その隙を突かれて再起不能にされられでもしたらどうなるか。その後、ルイズ達だけで対処できるのか。
戦は将棋なんかとは違うということをわかって欲しい。
単なるボードゲーム戦略なんかで勝てるわけがない。ルイズはそういったものを経験してないからこそ、そんなことしか考えられないんだろう。
彼女達の魔法だってそうだ。
得意系統の魔法でキュルケは炎、タバサは確か風。ルイズは何も使えず爆発を引き起こす。
そして、相手は土系統。
勝てる見込みがあるかと言われれば、ある。
が、
相手がプロの怪盗である以上、そう簡単に倒せるとは思えない。盗人らしく、姑息な手を使ってこちらを混乱させてくるはずだ。
ギーシュも土系統だったが、奴は数で攻めてきた。
どいつもこいつも簡単に斬れる雑魚だったが、もし今回の相手がギーシュみたいに数で攻めてきたらどうする? それも、あの馬鹿でかいゴーレムを何匹と作り出されたら。
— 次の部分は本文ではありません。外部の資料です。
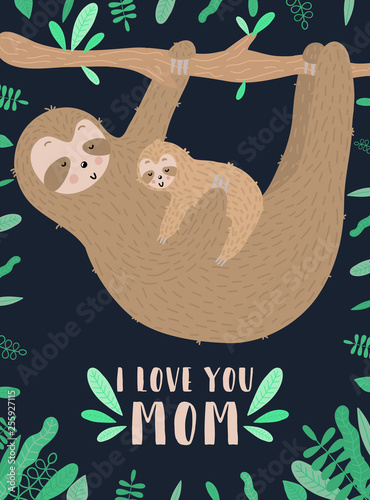 Vector image of a sleepy sloth hugs baby in the night. Hand-drawn cartoon illustration for child, tropical summer, holiday, card, banner, nursery, print, mother's day, poster. I love you mom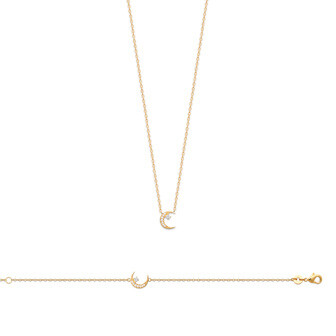 Bracelet en plaqué or et oxyde de zirconium, 18cm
ロングビルの得意とする系統も知らないから更に不安だ。
情報があやふやすぎてて、整理しきれない。
なにより、さっきから胸騒ぎがしてならない。
それのせいでノクトは真剣な表情を崩さず、眉間に皺を寄せて考え込んでしまっている。
だからだろうか。
準備する手を止めてしまっていた。
「ノクティスッ!! 手が止まってるわよ!!」
「え? あ、ああ悪い」
「もう! 早くしなさい!! 集合予定時刻を過ぎちゃうでしょッ!?」
「悪かったって!!」
どうもツアープランを重視するルイズは何としても一番乗りをしたいらしい。というか、貴族という身分から、ちゃんとしなければならないということを教えられているのだろうか。
声を荒げられて怒鳴られるノクトは一度考えるのをやめて、一応主人のご機嫌を損ねたから謝っておく。
ノクトは言われた通り持っていく物を皮袋に入れ、ルイズと共に部屋を後にする。
しかし、何をやってもこの不安は拭えない。
どうか、自分の勘違いであることを祈るばかりだ。